30 Jahre hatte ich Zeit, das Wildparkstadion zu fotografieren. Vergangenen Donnerstag habe ich das getan. Alles draufgekriegt? Nein, alles lässt sich nicht festhalten. Auch das Wildparkstadion nicht. Es fällt uns unterm Hintern zusammen, da ist was dran am loslassen Können und gehenlassen Müssen.

Auf den Tag genau 30 Jahre nach meinem ersten Spiel im Wildparkstadion beginnt also am heutigen 5. November 2018 der Abriss. Was für ein Zufall, zu kitschig, um sich das auszudenken. Fehlte nur noch, dass die Partie am Samstag nicht gegen Würzburg, sondern gegen Kaiserslautern gewesen wäre. Aber nein, zu viel des Emotionalen. Es hat mich auch so die Fassung gekostet.

Ich bin froh, dass ich Zeit für meinen ganz persönlichen, leisen, kleinen feinen Abschied hatte, und dafür, dass ich am Samstag mit so vielen alten Bekannten und Leidensgenossen den Abschied laut und leuchtend und ganz groß feiern durfte. Wundervolles Wildparkstadion: Ich war gern in Dir. Danke für alles.

*Moment, wie war das? Nackter Mann? Insider wissen, wer damit gemeint ist. Allen anderen empfehle ich diese Lektüre.

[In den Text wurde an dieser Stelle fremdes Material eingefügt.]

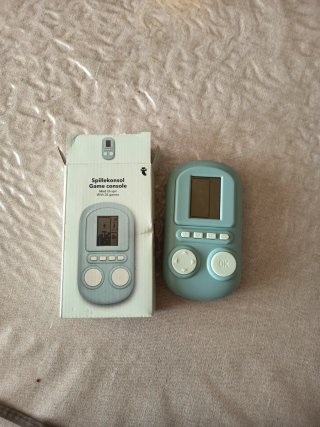 Consola de juegos portátil verde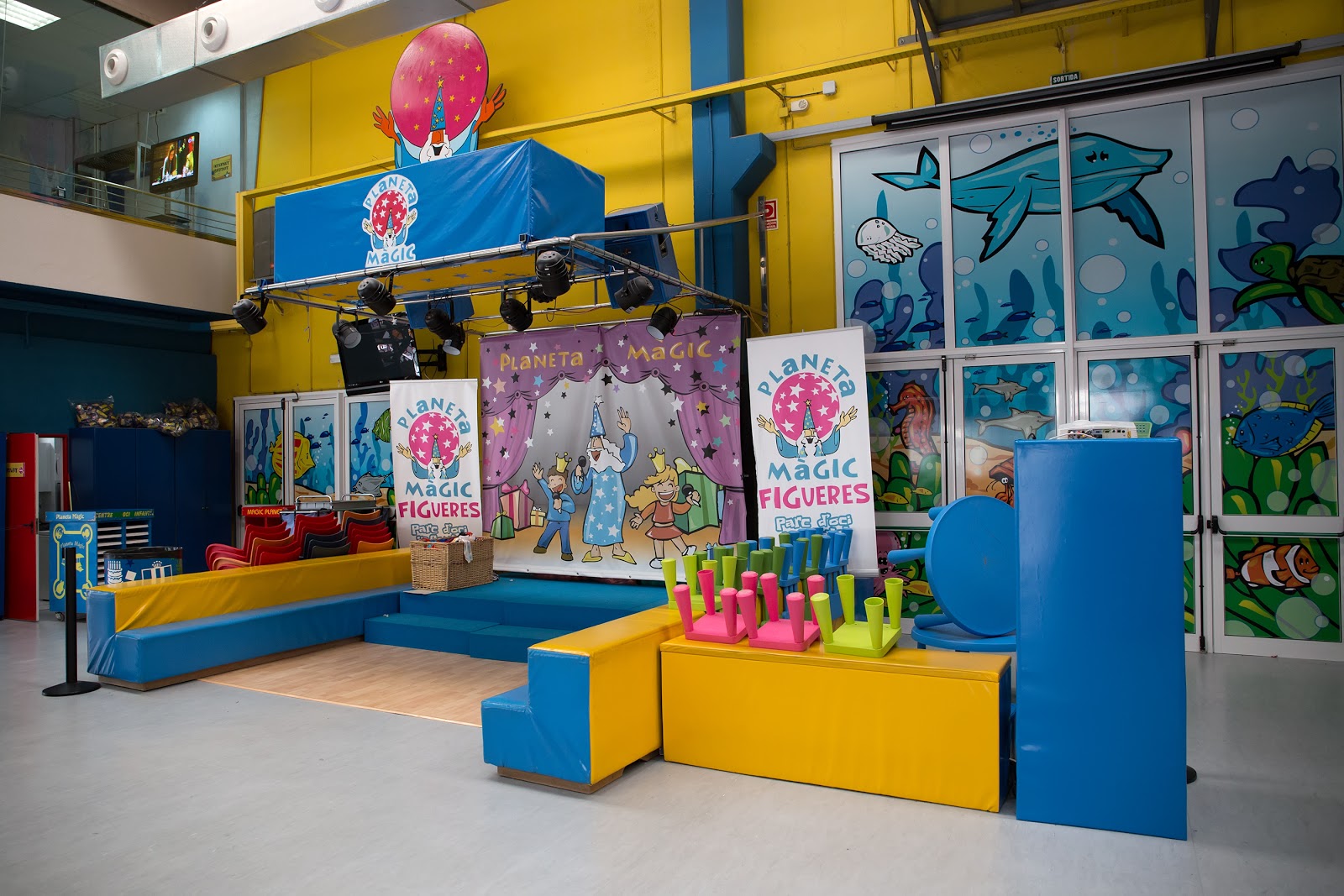Закрытые детские развлекательные центры Коста-Брава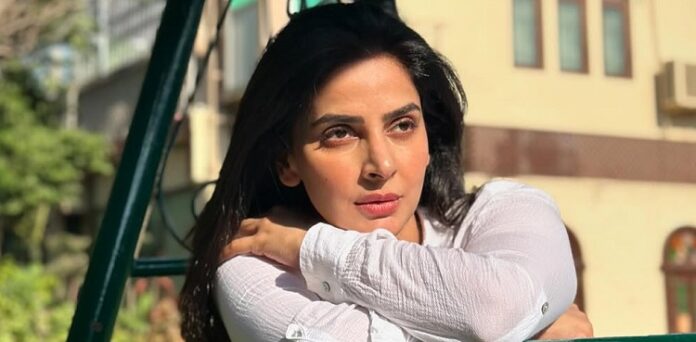 Saba Qamar Takes a Break from Social Media After Criticism!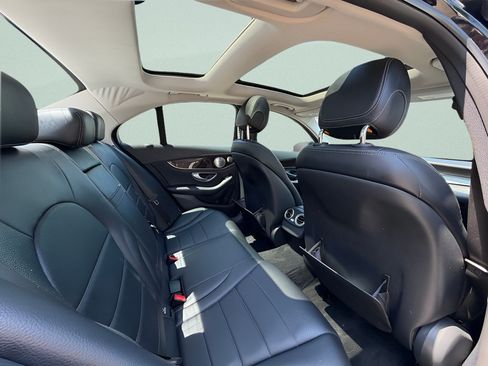 Used 2015 Mercedes-Benz C 300 4MATIC Sedan image 16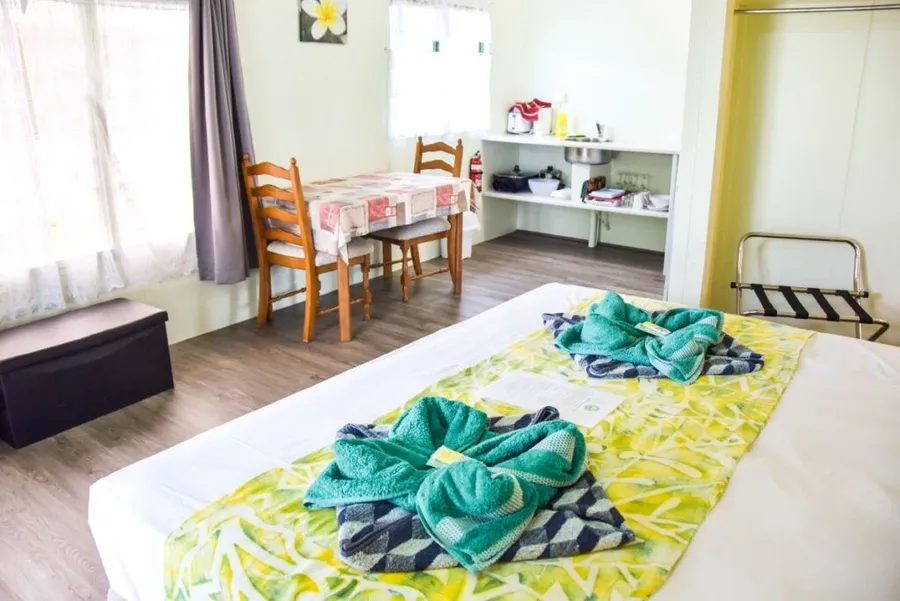 10 Best Family Resorts & Accommodations on Aitutaki [2023]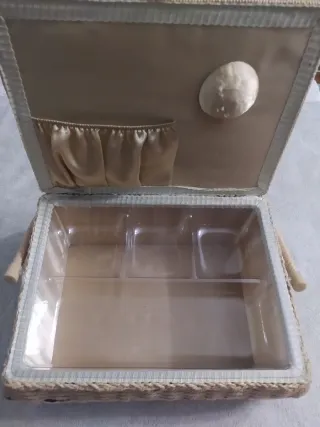 Costurero decorado tela y mimbre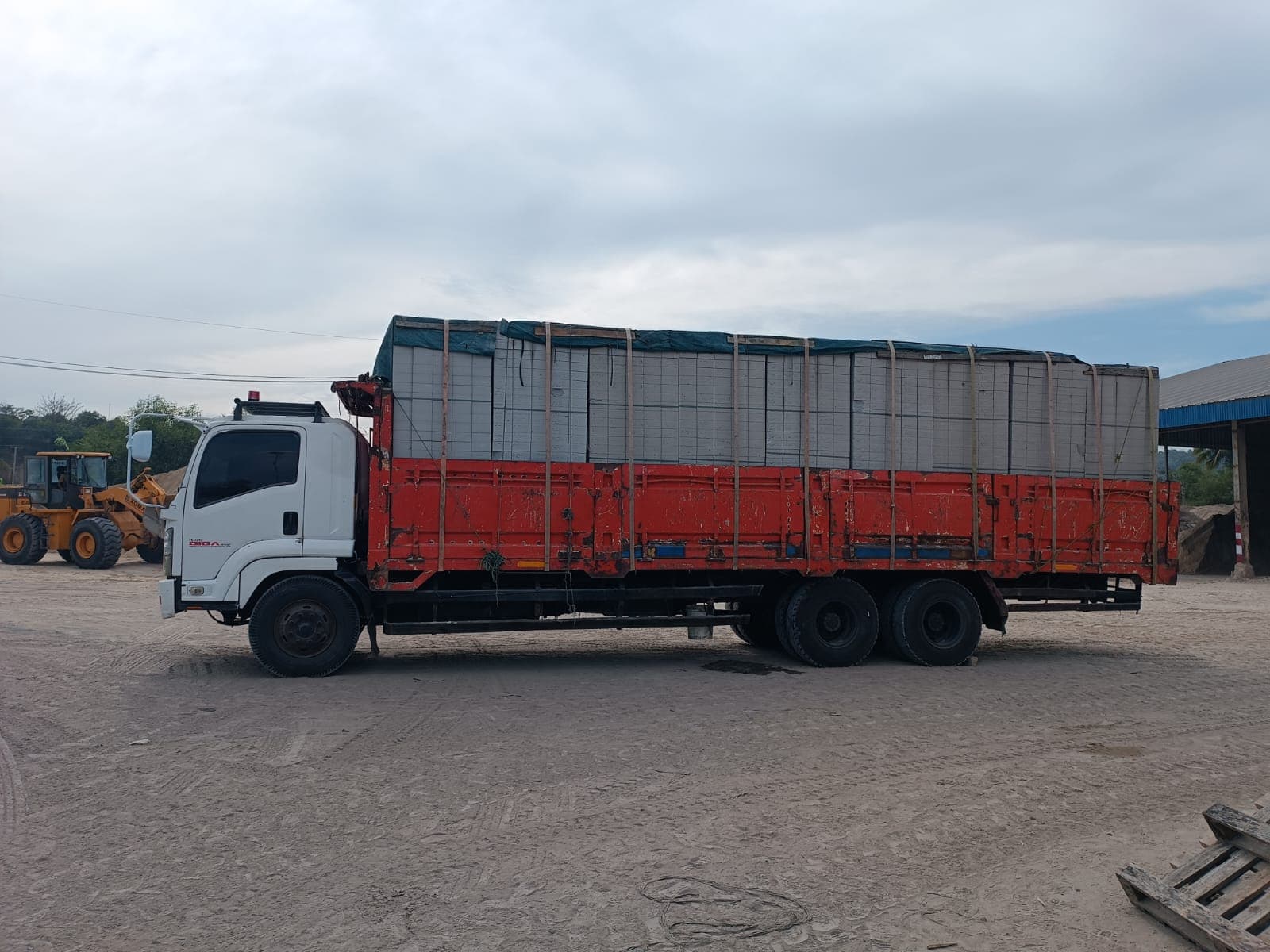 Pengangkutan Material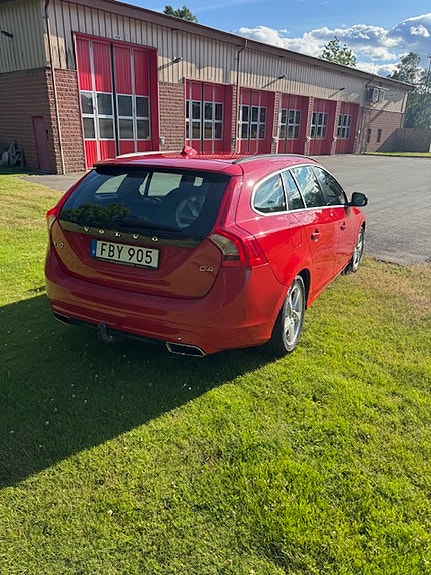 Volvo V60 3 of 5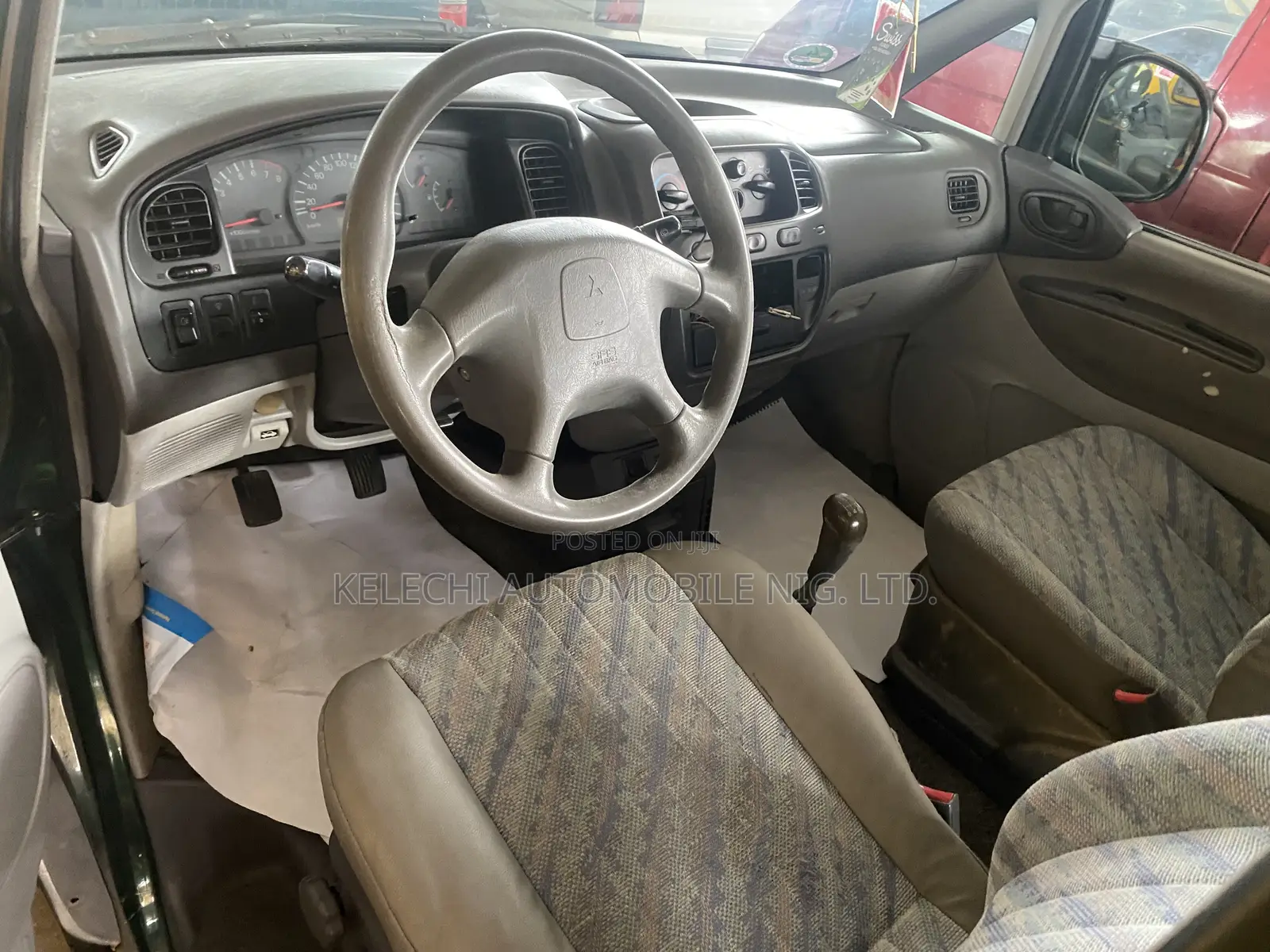 Mitsubishi Space Gear 2003 Green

Mach's gut, geliebte Bruchbude.

Zu lang? In kurz:

Danke, Wildparkstadion. Mein kleiner leiser Abschied und mein Jubiläum, der große laute Abschied und ein paar Tränen: Ich erinnere mich an Valencia, an mehr als eine Relegationskatastrophe, Abstiege, Aufstiege und daran, was ich in 30 Jahren KSC erlebt habe. Und ich winke dem Wildpark, denn die ersten Bagger rollen an und reißen mein zweites Wohnzimmer ab. (Zeit, emotional zu werden.)